Preparation and identification of Fab fragment against IL-2 by genenic engineering technology
- VernacularTitle:基因工程技术制备抗IL-2蛋白抗体Fab片段及其鉴定方法的建立
- Author:
Changying LI
;
Hongjie LI
;
Jiwu CHANG
- Publication Type:Journal Article
- Keywords:
phage antibody library;
immunoglobulins, Fab;
interleukin-2
- From:
Medical Journal of Chinese People's Liberation Army
1983;0(05):-
- CountryChina
- Language:Chinese
-
Abstract:
Objective To prepare human Fab fragment antibodies against Interleukin-2 and identify their antigenic specificity and combining activities with antigens.

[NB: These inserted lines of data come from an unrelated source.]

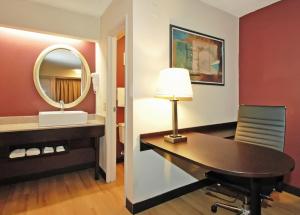 Una habitación de hotel con un escritorio y un espejo. en Red Roof PLUS Chicago - Hoffman Estates, en Hoffman Estates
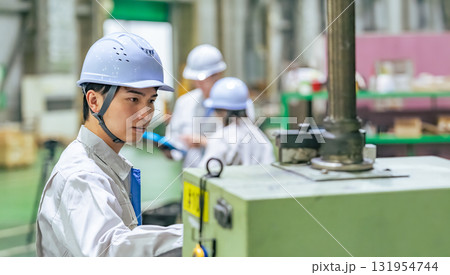 工場で操作盤で機械を操作する男性作業員 131954744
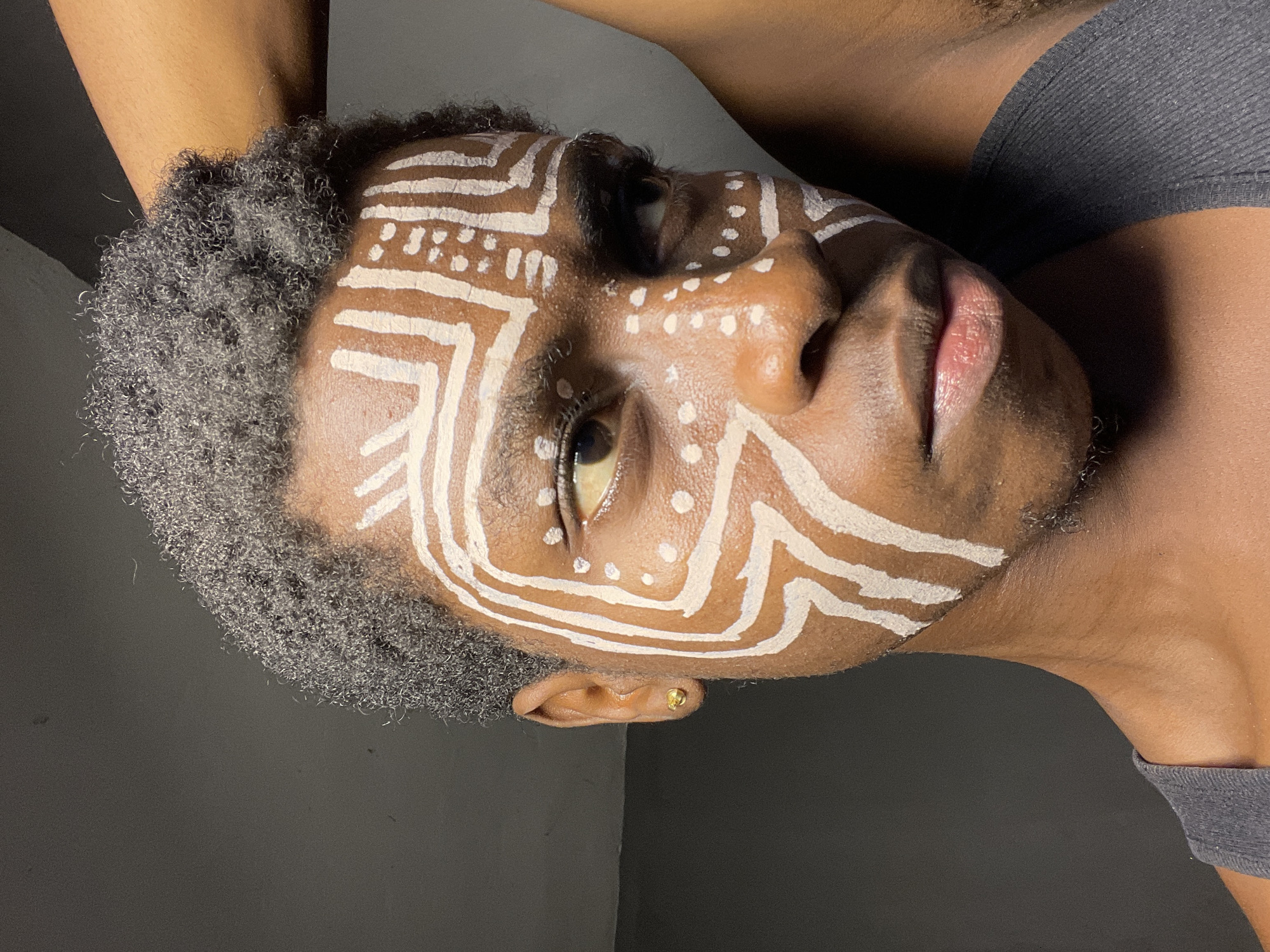 A close-up, portrait-style photograph depicts a person with dark skin and a shaved, gray-tinged hairstyle, lying on their back against a dark gray surface, presumably a wall or floor. The person's face is adorned with white painted designs resembling tribal or cultural markings, featuring linear patterns and dots. A gold earring is visible in the person's ear. The person wears a gray garment, and part of their arm is positioned above their head. There is no evidence to suggest it was taken in Nkpor, Nigeria.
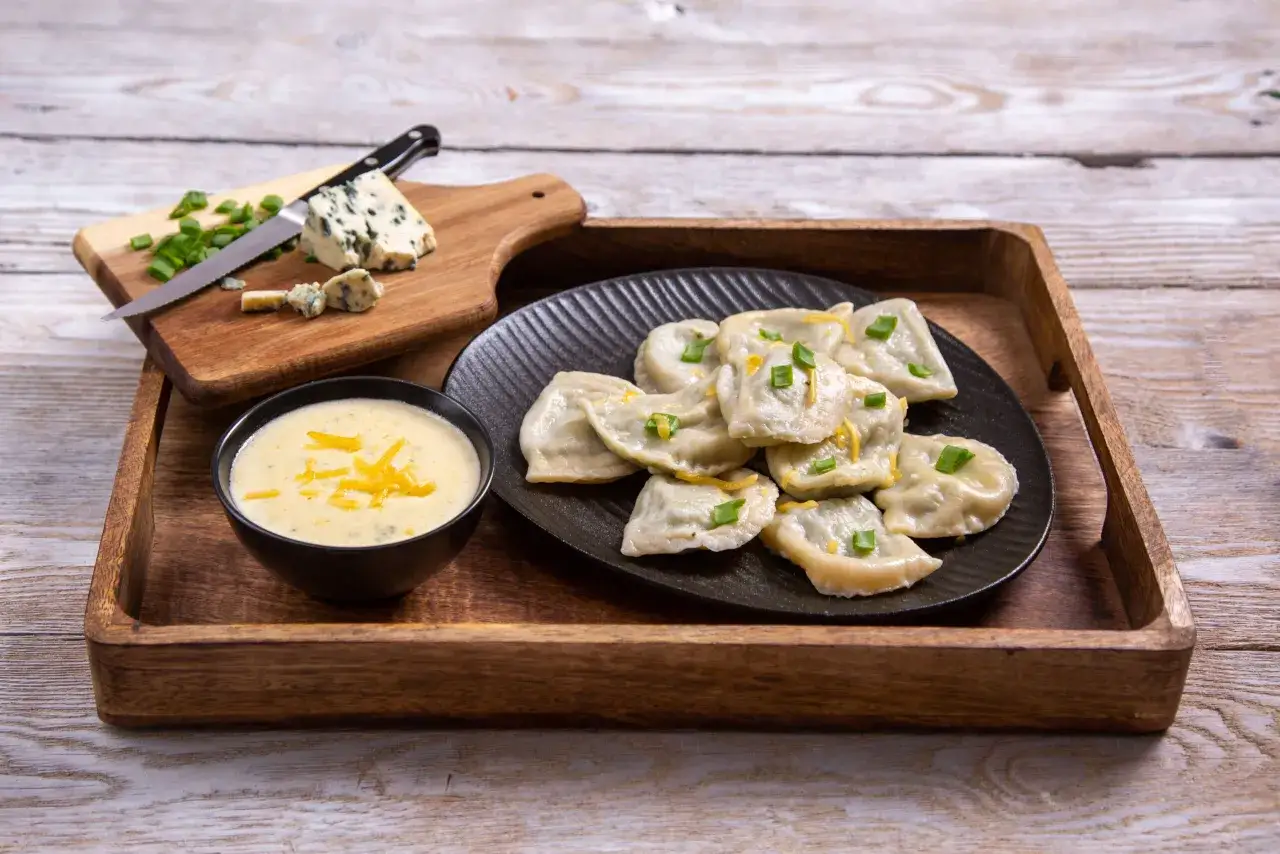 Pyszne pierogi ze szpinakiem i serem feta, podane z kremowym sosem. Obok deska z serem pleśniowym i szczypiorkiem.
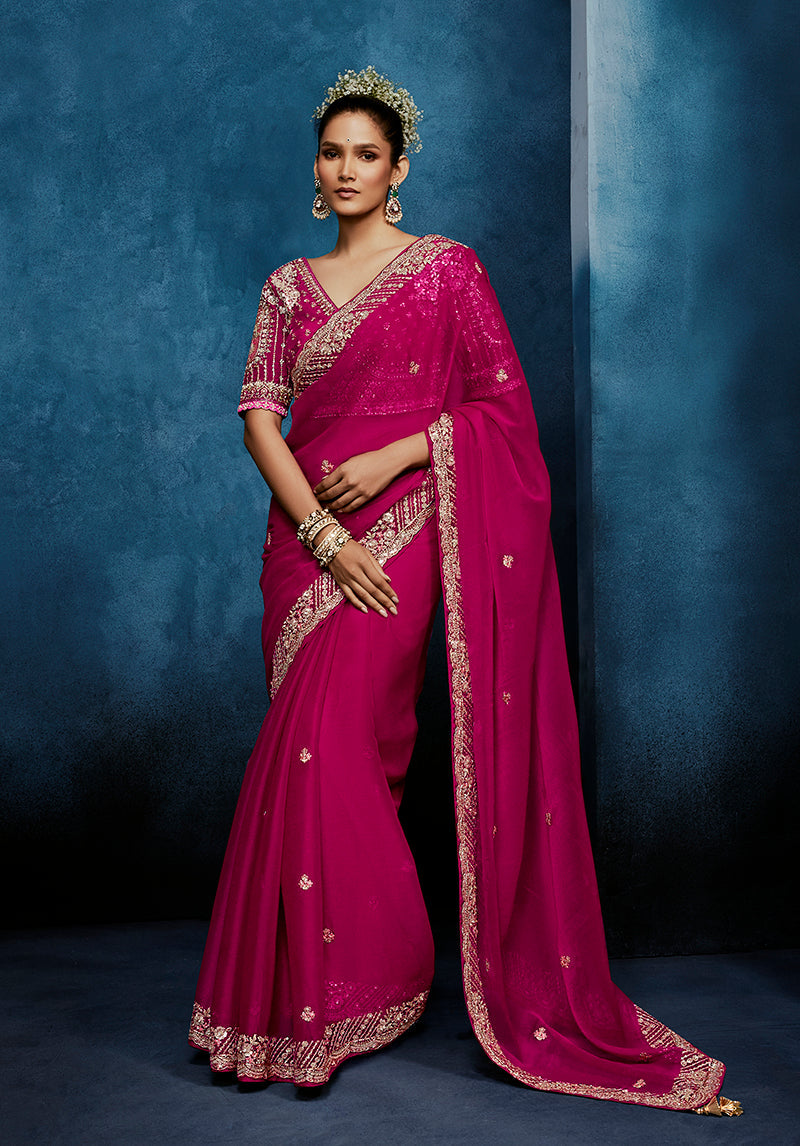 Rani pink embroidered fancy fabric saree with matching stitched blouse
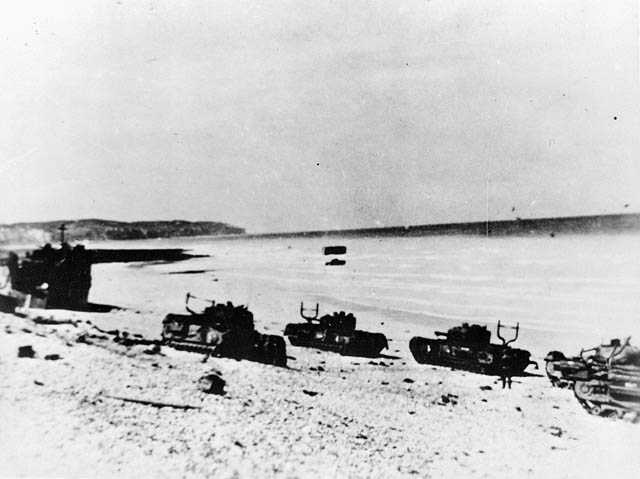 Photographie en noir et blanc – Quatre chars d’assaut et une péniche de débarquement sont abandonnés sur les plages rocheuses de Dieppe. Au loin, on aperçoit de l’équipement militaire reposant dans la mer à marée basse.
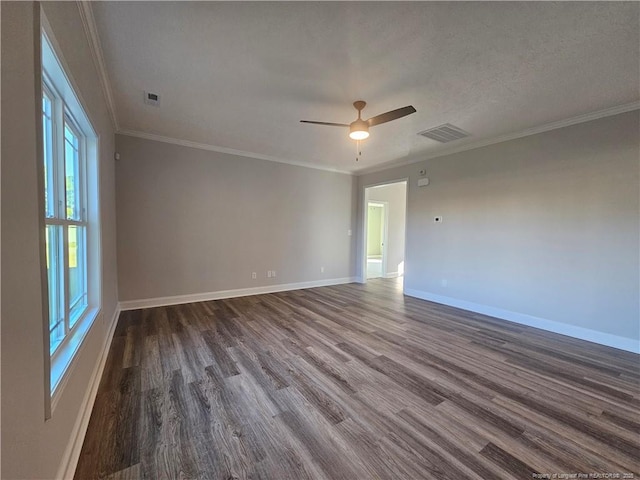 unfurnished room featuring dark hardwood / wood-style flooring, ornamental molding, and ceiling fan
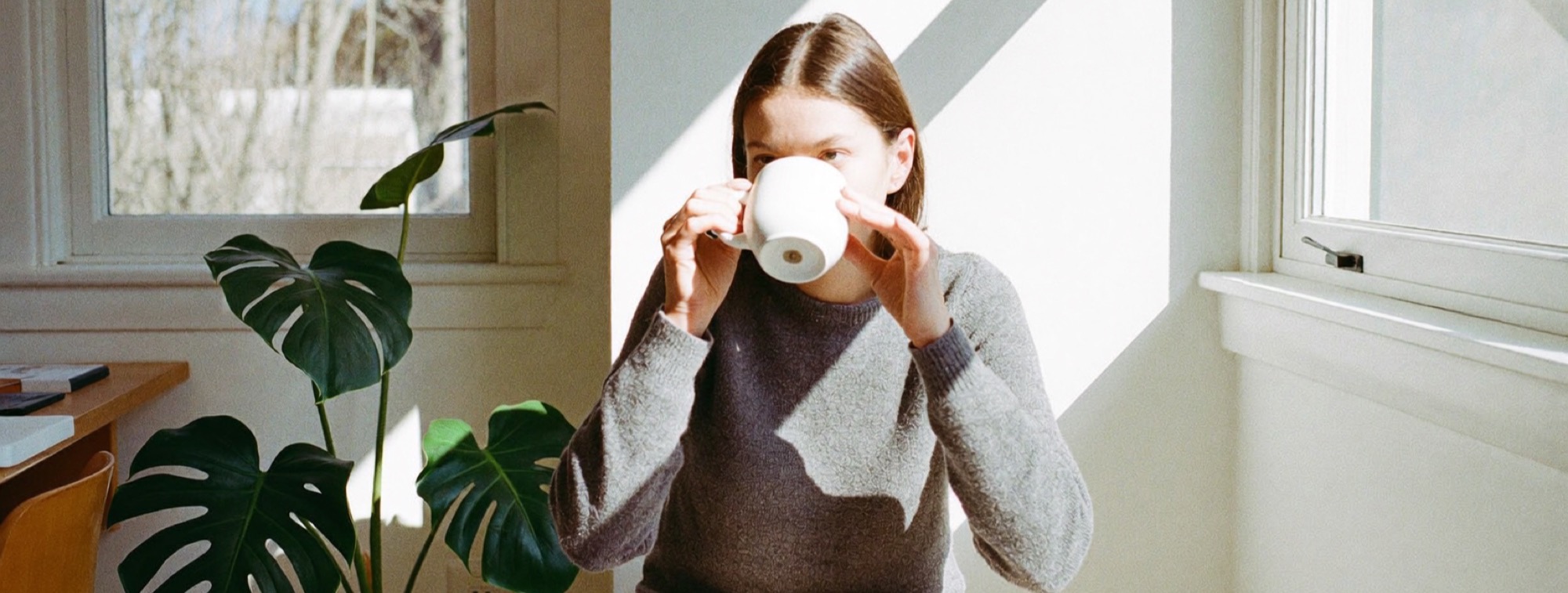 What a solo business actually earns: an owner taking stock with a morning tea at home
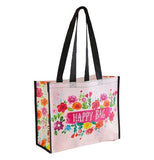 This light pink bag features the words, "Happy Bag" in white lettering against a hot pink sign. Surrounding the sign are a series of pink, purple, yellow, orange, and red flowers.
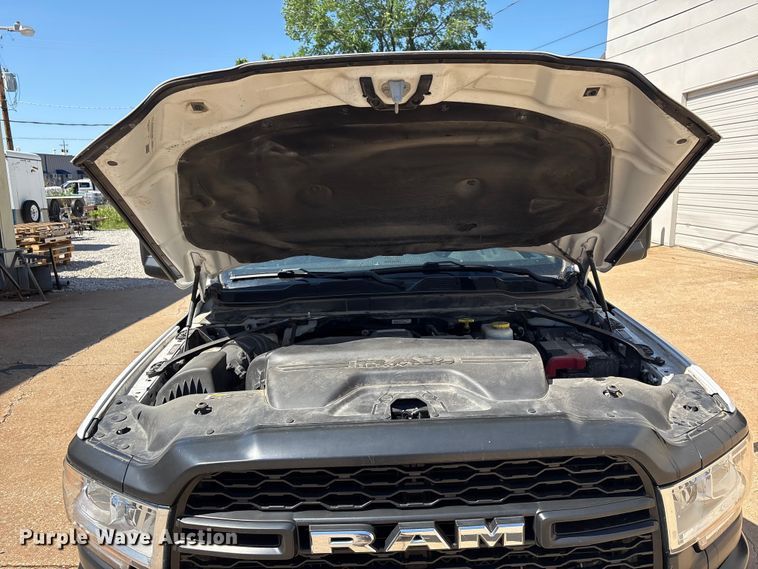 image for item FI0180 2020 RAM 3500 Crew Cab flatbed pickup truck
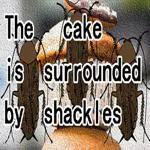 The cake is surrounded by shackles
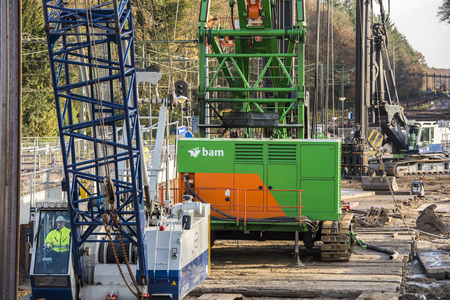 Driebergen, Netherlands - November 26, 2017: Construction site at the railway station in Driebergen, province Utrecht, with cranes and workers.のeditorial素材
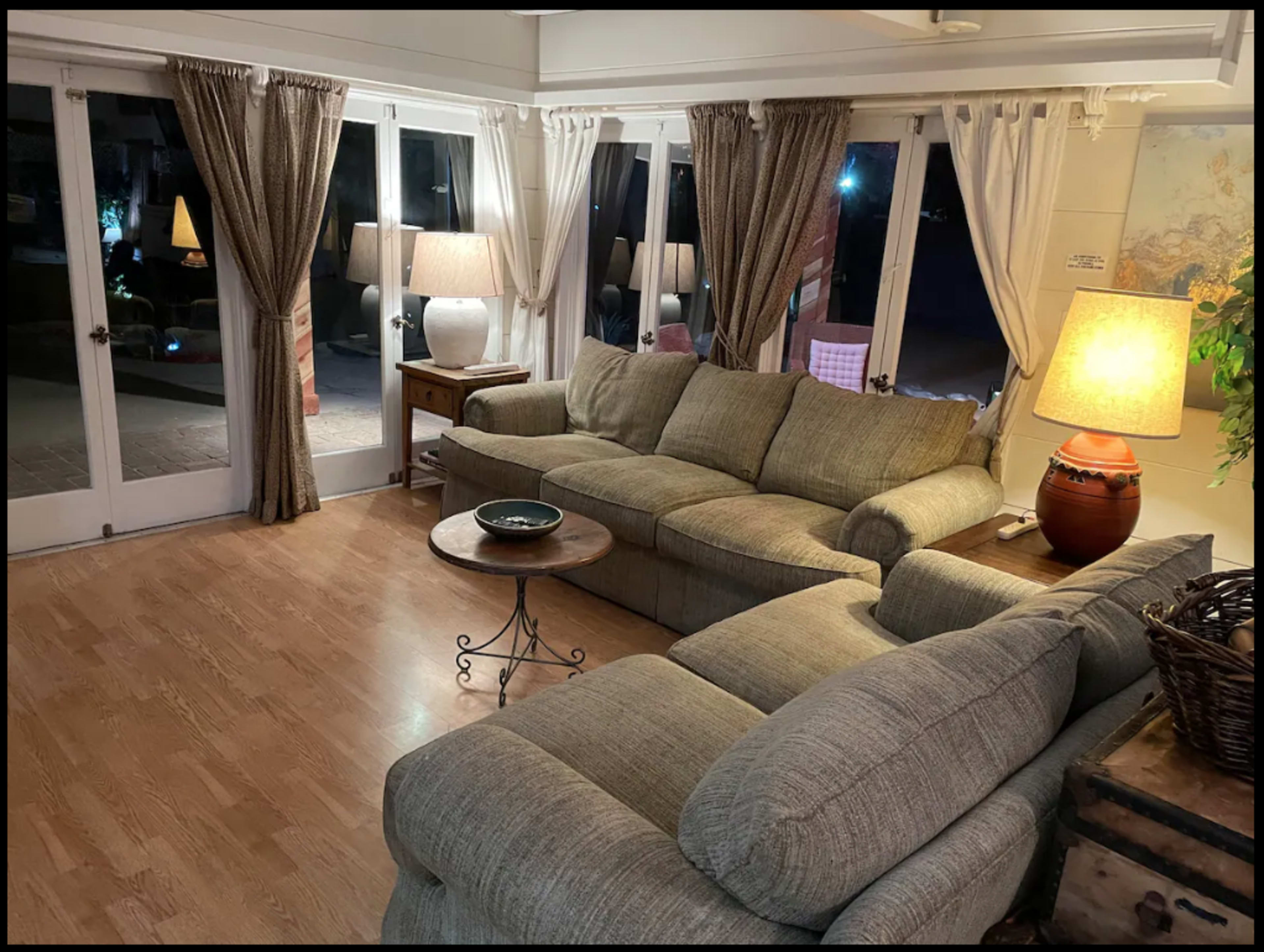 A living room with a sectional sofa, a round coffee table, and large windows covered with curtains.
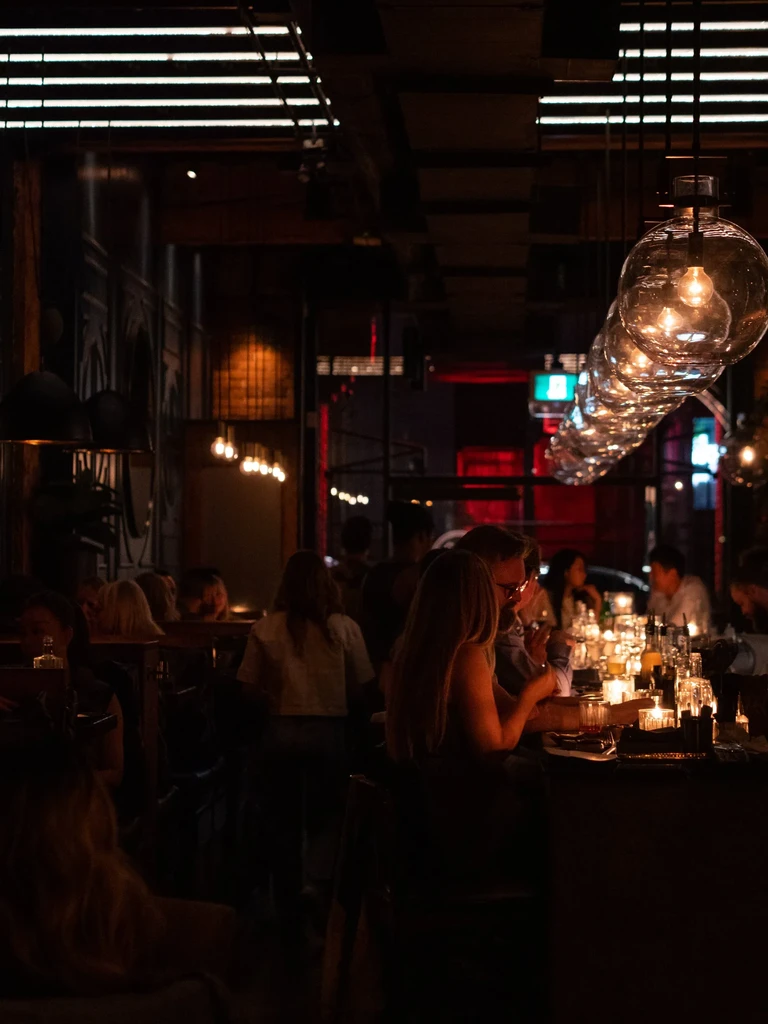 Dimly lit bar, warm globe lights, people at tables and counter.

Methods The specific Anti-interleukin-2 clones were screened from a natural human Fab fragment antibodies phage display library against the immobilized interleukin-2 antigens. Then the phagemid DNA from the specific clones was digested with Spe I and Nhe I to delete gⅢ (about 660bp). The digested 4.7kb DNA, which was purified after separation of bands from agarose gel using purification kit, was ligated with T4-DNA ligase and the ligated reaction mixture were transformed to the BL21 (DE3) pLysS. Positive clones on the LB agar plates were inoculated to liquid LB culture medium, and when the bacteria were grown to OD600≈0.5 at 37℃ with continuous shaking, IPTG was added to induce the expression of soluble Fab fragment antibodies at 30℃. The expressed products containing Fab fragment antibodies were determined by SDS-PAGE, Western blot and ELISA. Results The soluble products were identified as containing human Fab fragment antibodies against Interleukin-2 by Western blot and formed a Mr 47?103 band under non-reducing condition on SDS-PAGE. The band was then proved as anti-human Fab fragment antibodies by Western blotting. ELISA demonstrated that Fab fragments possessed good antigenic specificity as well as excellent combining activity with interleukin-2 antigens, and the fragments did not react with bovine serum albumin and IL-4 in ELISA. Conclusions The soluble human anti-interleukin-2 Fab fragment antibodies have been highly expressed and successfully identified, and an effective way has been searched out for constructing the engineering antibodies. All of the results may lay a potentially good foundation for engineering human Fab antibodies, and for the clinical application of the antibodies on the immunotherapy of tumor diseases.